Problem details
Pictures appear among the records below and must be omitted. Repeat exactly the lines from the line with "Cuplor FO E2000" to the line with "Toyota Vios E 2013", both included.

(Material for the task Opens)

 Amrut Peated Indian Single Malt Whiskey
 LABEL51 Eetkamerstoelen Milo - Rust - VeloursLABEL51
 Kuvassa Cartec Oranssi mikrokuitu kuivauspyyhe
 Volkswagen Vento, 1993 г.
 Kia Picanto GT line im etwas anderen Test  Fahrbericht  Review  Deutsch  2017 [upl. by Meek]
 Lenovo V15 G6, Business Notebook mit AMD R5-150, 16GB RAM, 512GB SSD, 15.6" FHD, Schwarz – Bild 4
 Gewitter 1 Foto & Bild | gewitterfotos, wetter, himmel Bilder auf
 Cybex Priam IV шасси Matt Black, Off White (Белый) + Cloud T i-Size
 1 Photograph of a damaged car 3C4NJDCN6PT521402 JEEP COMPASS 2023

(Material for the task Closes)
(Material for the task Opens)

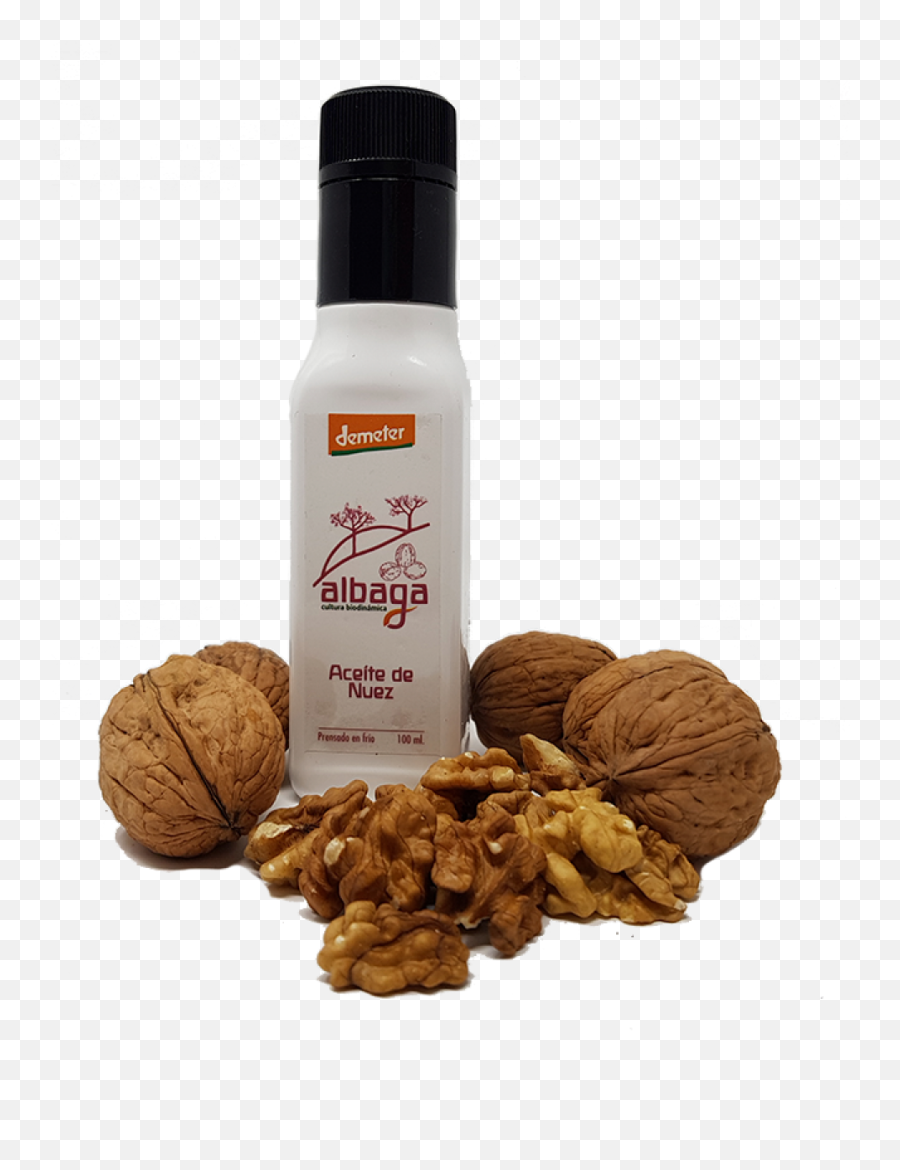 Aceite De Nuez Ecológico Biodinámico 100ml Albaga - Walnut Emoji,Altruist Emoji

(Material for the task Closes)
(Material for the task Opens)

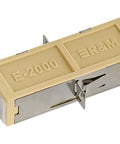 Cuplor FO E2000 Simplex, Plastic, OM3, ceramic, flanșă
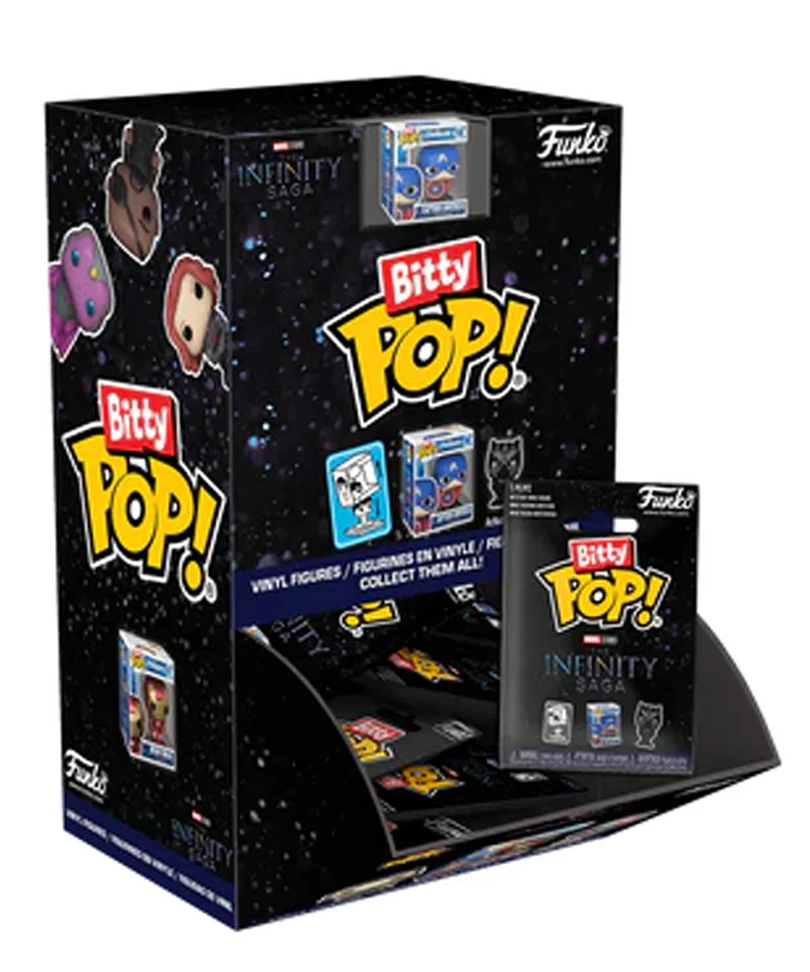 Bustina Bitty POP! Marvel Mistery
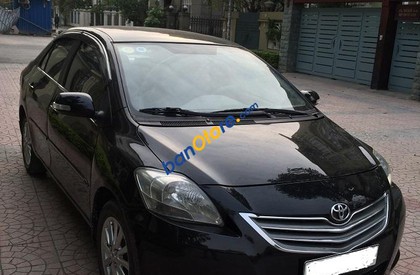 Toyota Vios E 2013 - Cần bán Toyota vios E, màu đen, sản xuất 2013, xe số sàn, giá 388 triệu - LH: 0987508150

(Material for the task Closes)

Finished task
 Cuplor FO E2000 Simplex, Plastic, OM3, ceramic, flanșă
 Bustina Bitty POP! Marvel Mistery
 Toyota Vios E 2013 - Cần bán Toyota vios E, màu đen, sản xuất 2013, xe số sàn, giá 388 triệu - LH: 0987508150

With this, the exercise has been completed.